Comparison of effects of angiotensin peptides in the regulation of clitoral cavernosum smooth muscle tone.

The isometric tension measurement and in vitro autoradiography were used in clitoral cavernosum smooth muscle (CSM). Angiotensin ANG III, ANG IV, ANG II and ANG I induced contractions in clitoral CSM strips. ANG III and ANG I- induced contraction was five times less active than ANG II, whereas ANG IV-induced contraction was 1181-fold less potent than ANG II. Contractile responses to ANG III, ANG IV, ANG II and ANG I were significantly inhibited by type 1 ANG II (AT 1) receptor antagonist Dup 753 but not by type 2 ANG II (AT2) receptor antagonist PD 123,319. Pre-treatment with Nomega-nitro-L-arginine methyl ester, nitric oxide (NO) synthase inhibitor accentuated force of contraction induced by ANG III, ANG IV and ANG II. Amastatin, an aminopeptidase inhibitor enhanced ANG III- and ANG IV-induced contractions.
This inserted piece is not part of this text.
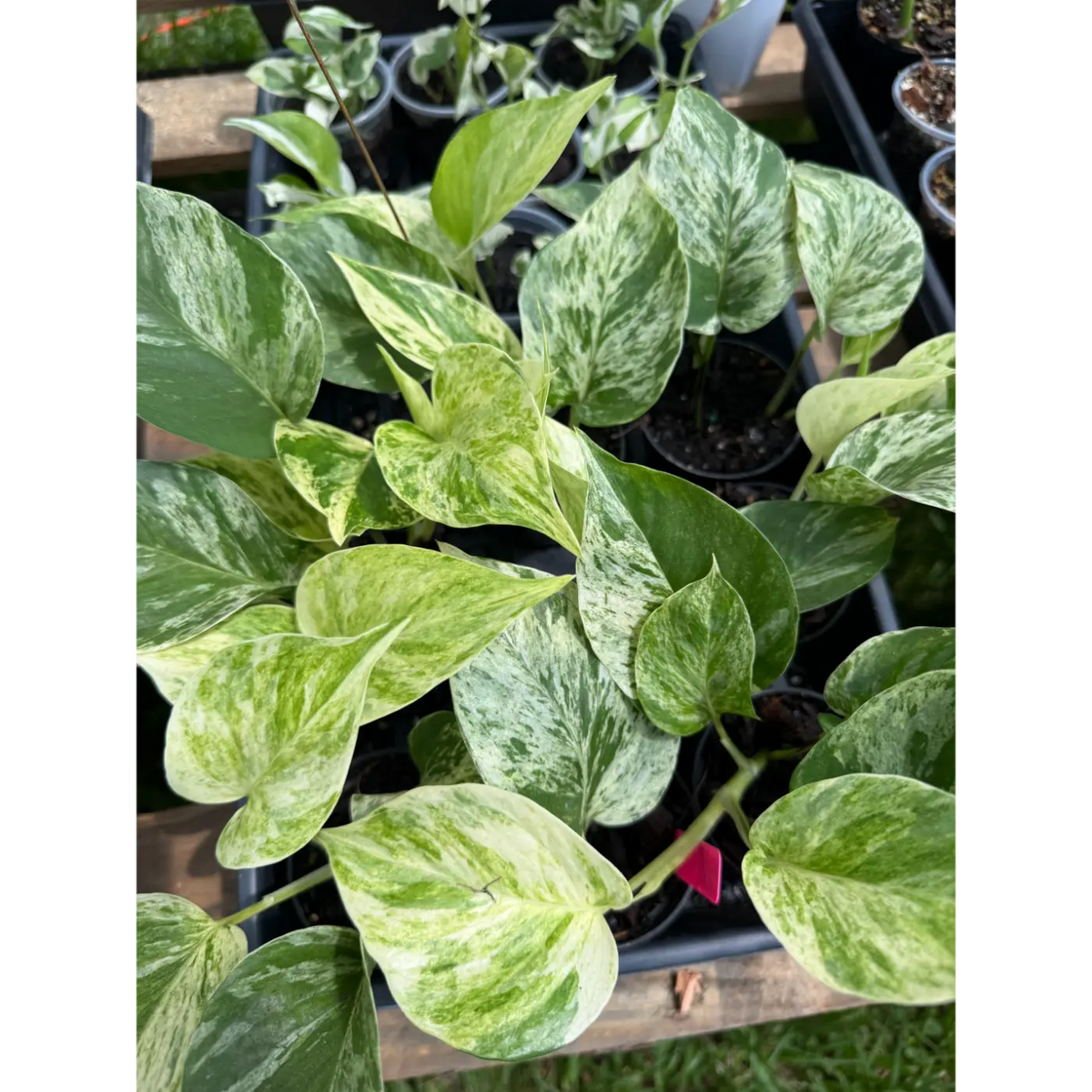 epipremnum/pothos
Specific binding sites for 125I-ANG II were found in the clitoral CSM. Specific binding of 125I-ANG II was displaced by unlabeled ANG peptides. This study suggests that the contractile responses to all four peptides of the ANG family are mediated via AT1 receptors but not AT2 receptors. Further, the rank order of potency of contraction was as follows, ANG II> ANG I>ANG III>ANG IV. It is also suggested that peptides of the ANG family have a cross-talk with the NO system and aminopeptidase is involved in the modulation of the tone of clitoral CSM by ANG III and ANG IV.